TASK TO COMPLETE = Instruction for the data below: set down exactly the lines from the line with "YS Mocassino Uomo" to the line with "افکت گیتار الکتریک دانلوپ Dunlop CBM95", inclusive, and no others.

::::

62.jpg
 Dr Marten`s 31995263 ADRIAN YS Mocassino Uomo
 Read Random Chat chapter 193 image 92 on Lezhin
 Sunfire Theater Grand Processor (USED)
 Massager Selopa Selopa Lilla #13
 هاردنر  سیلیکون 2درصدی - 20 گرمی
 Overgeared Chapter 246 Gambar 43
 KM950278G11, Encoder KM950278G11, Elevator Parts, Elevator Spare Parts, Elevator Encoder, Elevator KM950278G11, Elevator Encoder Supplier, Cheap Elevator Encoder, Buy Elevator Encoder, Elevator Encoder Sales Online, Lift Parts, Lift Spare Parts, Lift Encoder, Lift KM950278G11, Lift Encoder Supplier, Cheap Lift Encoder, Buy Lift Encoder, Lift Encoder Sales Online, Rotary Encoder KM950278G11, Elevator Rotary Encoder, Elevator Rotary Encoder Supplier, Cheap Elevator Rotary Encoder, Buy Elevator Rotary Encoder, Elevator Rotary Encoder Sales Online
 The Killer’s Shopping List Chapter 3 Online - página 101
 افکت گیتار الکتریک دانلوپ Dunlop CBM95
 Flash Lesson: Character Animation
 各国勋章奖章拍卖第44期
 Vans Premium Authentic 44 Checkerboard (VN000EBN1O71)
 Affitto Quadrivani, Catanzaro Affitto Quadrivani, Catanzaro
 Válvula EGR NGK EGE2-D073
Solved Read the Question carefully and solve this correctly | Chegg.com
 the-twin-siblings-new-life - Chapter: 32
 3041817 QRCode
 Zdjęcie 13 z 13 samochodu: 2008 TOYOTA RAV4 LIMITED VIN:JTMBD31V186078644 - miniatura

::::

ANSWER TO THIS PROBLEM =
 Dr Marten`s 31995263 ADRIAN YS Mocassino Uomo
 Read Random Chat chapter 193 image 92 on Lezhin
 Sunfire Theater Grand Processor (USED)
 Massager Selopa Selopa Lilla #13
 هاردنر  سیلیکون 2درصدی - 20 گرمی
 Overgeared Chapter 246 Gambar 43
 KM950278G11, Encoder KM950278G11, Elevator Parts, Elevator Spare Parts, Elevator Encoder, Elevator KM950278G11, Elevator Encoder Supplier, Cheap Elevator Encoder, Buy Elevator Encoder, Elevator Encoder Sales Online, Lift Parts, Lift Spare Parts, Lift Encoder, Lift KM950278G11, Lift Encoder Supplier, Cheap Lift Encoder, Buy Lift Encoder, Lift Encoder Sales Online, Rotary Encoder KM950278G11, Elevator Rotary Encoder, Elevator Rotary Encoder Supplier, Cheap Elevator Rotary Encoder, Buy Elevator Rotary Encoder, Elevator Rotary Encoder Sales Online
 The Killer’s Shopping List Chapter 3 Online - página 101
 افکت گیتار الکتریک دانلوپ Dunlop CBM95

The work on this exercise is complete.